WordPress / wordpress-playground

Run WordPress in the browser via WebAssembly PHP
https://w.org/playground/
GNU General Public License v2.0
1.61k stars 240 forks source link

Networking: Implement gethostbyname #400

Open adamziel opened 1 year ago

adamziel commented 1 year ago

Problem

As seen in https://github.com/WordPress/wordpress-playground/issues/396, calling gethostbyname in PHP generates a random local IP address. Emscripten then re-routes it to the correct location, but the fact we even have local IP in the mix causes wp_safe_remote_get to fail since it refuses to connect to a local IP address.

A workaround discussed in that issue silences the warning, which works in a dev environment, but for production use we need a proper fix that doesn't open up a possibility of local network traversal.

Proposed solution

Hardcoding host resolution won’t cut it and we need to defer to the OS gethostbyname implementation.

The DNS.lookup() implementation that comes with node.js is asynchronous so there are two ways to go about it:

Unrelated trivia: I just learned that dns.lookup() pretends to be asynchronous, but in reality it calls a blocking function:

https://httptoolkit.com/blog/configuring-nodejs-dns/

The author discusses a cacheable-lookup library that exposes a synchronous lookup() function - perhaps it could „just work” for us?

https://www.npmjs.com/package/cacheable-lookup

Related info

This is also solved by enabling the networking access by adding networking=yes to the URL, for example:

https://playground.wordpress.net/?plugin=create-block-theme&url=/wp-admin/admin.php?page=create-block-theme&networking=yes

Or with the following Blueprint:

{
    "features": {
        "networking": true
    }
}

cc @akirk @dmsnell @danielbachhuber

adamziel commented 7 months ago

Actually, this is only a problem when networking is disabled.

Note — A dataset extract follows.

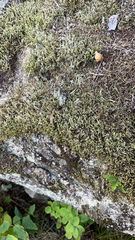 Hedwigia ciliata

Native PHP returns the original input in that scenario:

php > var_dump(gethostbyname('www.example.com'));
string(13) "93.184.216.34"
php > var_dump(gethostbyname('www.example.com'));
string(15) "www.example.com"

The WASM version of gethostname should do the same. At the same time, this seems like a superficial difference since the actual network call won't work anyway unless networking is enabled.

adamziel commented 6 months ago

gethostbyname is still relevant because of the following validation code in wp-includes/http.php:

        if ( preg_match( '#^(([1-9]?\d|1\d\d|25[0-5]|2[0-4]\d)\.){3}([1-9]?\d|1\d\d|25[0-5]|2[0-4]\d)$#', $host ) ) {
            $ip = $host;
        } else {
            $ip = gethostbyname( $host );
            if ( $ip === $host ) { // Error condition for gethostbyname().
                return false;
            }
        }
        if ( $ip ) {
            $parts = array_map( 'intval', explode( '.', $ip ) );
            if ( 127 === $parts[0] || 10 === $parts[0] || 0 === $parts[0]
                || ( 172 === $parts[0] && 16 <= $parts[1] && 31 >= $parts[1] )
                || ( 192 === $parts[0] && 168 === $parts[1] )
            ) {
                // If host appears local, reject unless specifically allowed.
                if ( ! apply_filters( 'http_request_host_is_external', false, $host, $url ) ) {
                    return false;
                }
            }
        }

The local IP address that gethostbyname("s.w.org") returns by default fails the validation and causes WordPress to give up without issuing a request. As a result, the new 6.5 Google Fonts feature doesn't work.